** Instructions to follow **
Output only the lines below from the one holding "株式会社ラフラインの代表者・" down to the one holding "304 Stainless Steel", both end lines included and every picture dropped.

** Given records **

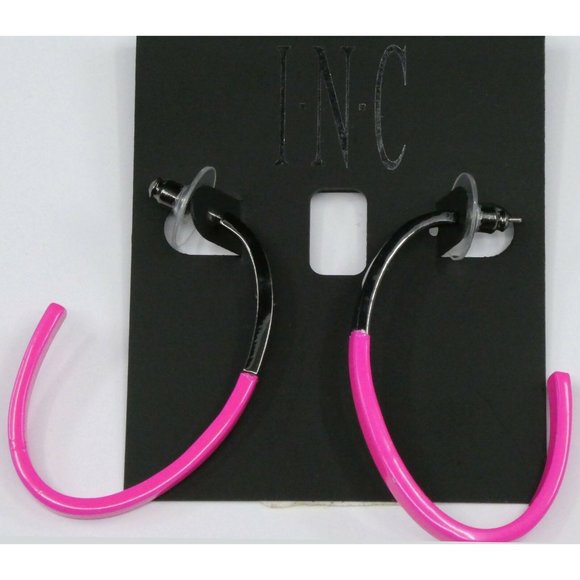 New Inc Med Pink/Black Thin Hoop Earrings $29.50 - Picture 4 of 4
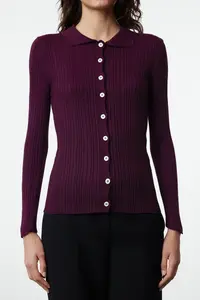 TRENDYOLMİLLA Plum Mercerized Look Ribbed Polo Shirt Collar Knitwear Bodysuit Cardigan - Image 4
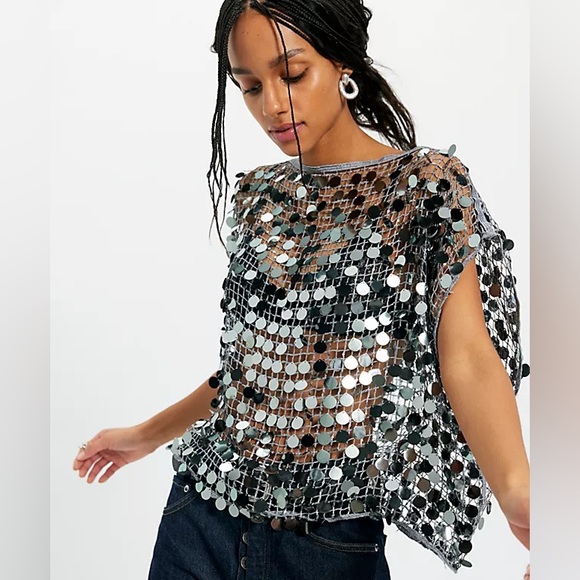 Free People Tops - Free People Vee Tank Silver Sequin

---

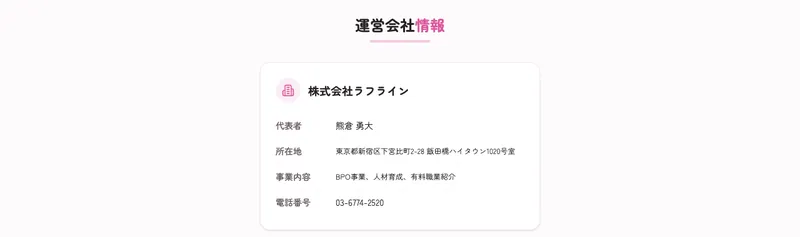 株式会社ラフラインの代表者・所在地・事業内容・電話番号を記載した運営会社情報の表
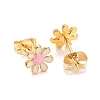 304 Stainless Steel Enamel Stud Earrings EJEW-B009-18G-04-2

==

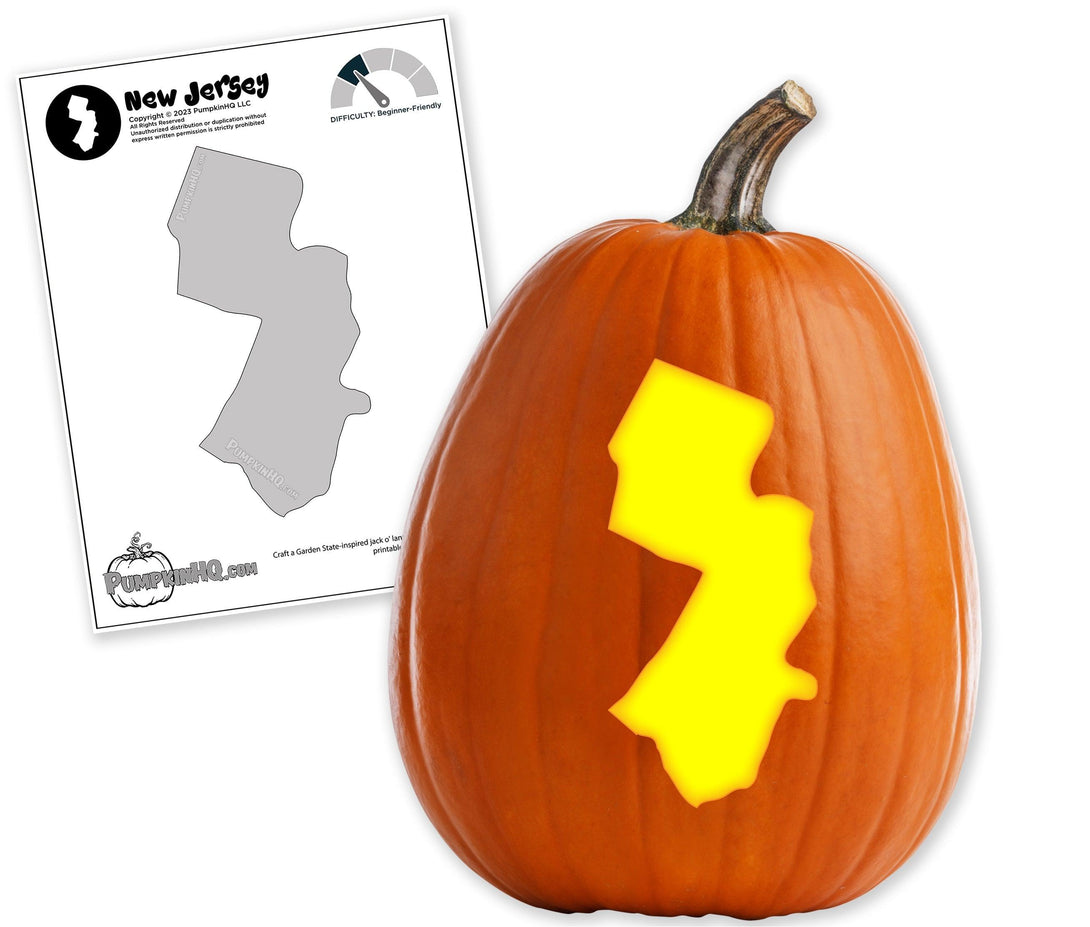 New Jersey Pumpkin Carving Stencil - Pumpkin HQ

** Exercise response **
 株式会社ラフラインの代表者・所在地・事業内容・電話番号を記載した運営会社情報の表
 304 Stainless Steel Enamel Stud Earrings EJEW-B009-18G-04-2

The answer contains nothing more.